_GIVEN INFORMATION_:
"""

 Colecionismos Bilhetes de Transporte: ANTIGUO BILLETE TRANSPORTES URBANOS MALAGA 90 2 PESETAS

"""
"""

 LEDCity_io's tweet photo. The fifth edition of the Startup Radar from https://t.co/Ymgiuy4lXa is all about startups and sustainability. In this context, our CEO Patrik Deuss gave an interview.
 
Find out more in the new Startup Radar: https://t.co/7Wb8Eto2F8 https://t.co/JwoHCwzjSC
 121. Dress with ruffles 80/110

"""

_ACTIVITY_: Scan the material above for the string "Startup" and return the lines that hold it.

_SOLUTION FOR THIS TASK_:
 LEDCity_io's tweet photo. The fifth edition of the Startup Radar from https://t.co/Ymgiuy4lXa is all about startups and sustainability. In this context, our CEO Patrik Deuss gave an interview.
Find out more in the new Startup Radar: https://t.co/7Wb8Eto2F8 https://t.co/JwoHCwzjSC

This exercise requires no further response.